Auteurs, libraires et éditeurs indépendants souhaitent imposer des conditions à Daniel Kretinsky, l’acquéreur pressenti d’Editis
A côté de réels motifs de satisfaction, des interrogations majeures subsistent après la décision de la Commission européenne d’autoriser sous conditions, vendredi 9 juin, l’acquisition de Lagardère (maison mère d’Hachette Livre, le numéro trois mondial de l’édition) par Vivendi. L’avocate spécialisée en droit de la concurrence Isabelle Wekstein, associée de WAN, qui défend les libraires (le Syndicat de la librairie française, celui des distributeurs de loisirs culturels, et une quinzaine de librairies directement, comme Le Divan à Paris, Passages à Lyon…), les organisations d’auteurs (le Conseil permanent des écrivains et la Charte des auteurs et illustrateurs jeunesse) ainsi que les éditeurs indépendants Actes Sud et L’Ecole des loisirs, ne désarme pas.

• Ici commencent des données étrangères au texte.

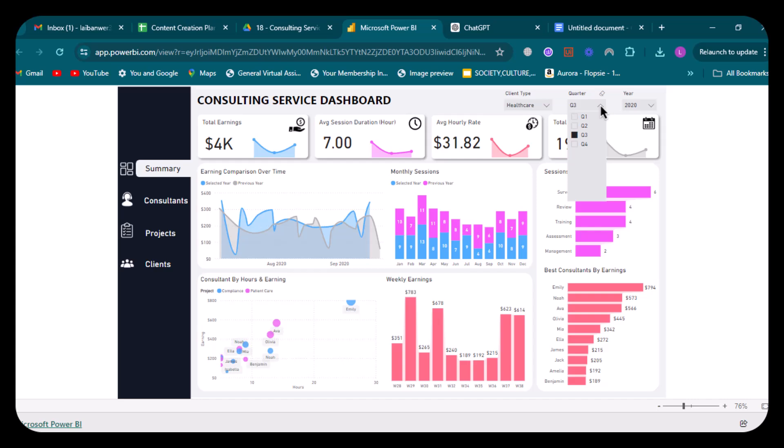After that, we have four card visuals. The first card visual shows us the total earnings that we have done. The second card visual shows us the average session duration, which is hourly. My third card visual shows the average hourly rate, and the fourth card visual shows the total number of sessions.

« Vivendi a été obligé de renoncer à son projet de fusion des groupes Editis [aujourd’hui encore filiale à 100 % du groupe de Vincent Bolloré] et Hachette. Ce danger, le plus grand, a été définitivement écarté, c’est une très bonne chose », affirme d’emblée l’avocate. Parmi les remèdes imposés par Bruxelles pour mettre la main sur Lagardère, Vivendi devra céder 100 % d’Editis (numéro deux français du secteur et maison mère de Nathan, Pocket, Plon, Bouquins…) et 100 % du magazine Gala. « Ce qui montre que nos préoccupations dans la presse people n’étaient pas absurdes », souligne Isabelle Wekstein, pour qui « la cession de Paris Match aurait peut-être eu plus d’impact en termes de concurrence ».
« C’est le résultat d’une mobilisation sans précédent, depuis plus de deux ans », des auteurs, éditeurs et libraires clients de l’avocate, se sont félicités ces derniers, lundi 12 juin. Ils « approuvent le maintien de deux leaders [dans] l’édition – Hachette [maison mère de Grasset, Calmann-Lévy, Fayard, Stock…] et Editis », mais « demeurent inquiets face aux menaces que fait peser sur le marché français la création d’un duopole ».
Eviter des partages d’informations confidentielles
Aux yeux d’Isabelle Wekstein, « la prise de contrôle exclusive du groupe Lagardère par Vivendi aboutit à un renforcement de la position dominante d’Hachette ». Ses clients rappellent que « dans le secteur du livre, l’hyperconcentration et la financiarisation nuisent aux objectifs de diversité, de liberté et d’indépendance de la création » et « accentuent les déséquilibres entre grands groupes multimédias, d’une part, et auteurs, éditeurs indépendants et libraires, d’autre part ».
Ces derniers seront donc « très attentifs à l’évolution du marché ainsi recomposé » ainsi qu’à la candidature du repreneur pressenti d’Editis, le groupe de Daniel Kretinsky (actionnaire indirect du Monde), précisément parce qu’il est devenu le premier actionnaire de la Fnac (avec 25 % du capital).